● What you should do
Retype nothing except the lines below from the one with "Aglaonema - 상서로운 붉은 모종" through the one with "Srinagar, Jammu Und", exactly, with images left out.

● Data for this exercise
────────
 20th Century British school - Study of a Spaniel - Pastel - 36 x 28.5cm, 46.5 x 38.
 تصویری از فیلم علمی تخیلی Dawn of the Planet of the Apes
────────
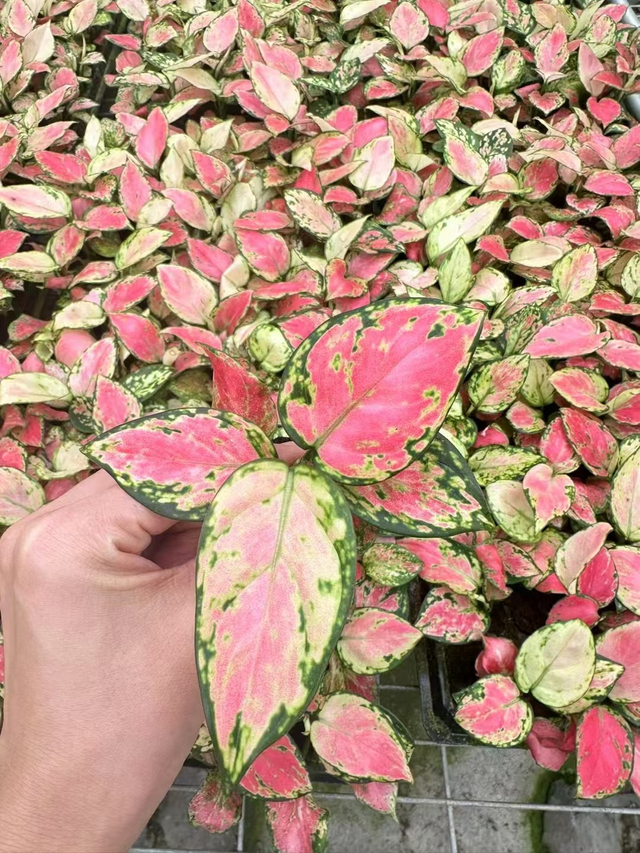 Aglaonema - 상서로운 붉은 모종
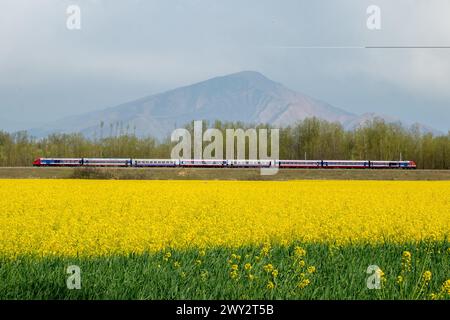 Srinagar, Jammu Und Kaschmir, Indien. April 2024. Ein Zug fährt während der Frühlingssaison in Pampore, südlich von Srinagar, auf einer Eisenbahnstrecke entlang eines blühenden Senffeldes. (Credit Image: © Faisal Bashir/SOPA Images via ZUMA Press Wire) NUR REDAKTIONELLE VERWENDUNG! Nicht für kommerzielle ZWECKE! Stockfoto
────────
● Completed task
 Aglaonema - 상서로운 붉은 모종
 Srinagar, Jammu Und Kaschmir, Indien. April 2024. Ein Zug fährt während der Frühlingssaison in Pampore, südlich von Srinagar, auf einer Eisenbahnstrecke entlang eines blühenden Senffeldes. (Credit Image: © Faisal Bashir/SOPA Images via ZUMA Press Wire) NUR REDAKTIONELLE VERWENDUNG! Nicht für kommerzielle ZWECKE! Stockfoto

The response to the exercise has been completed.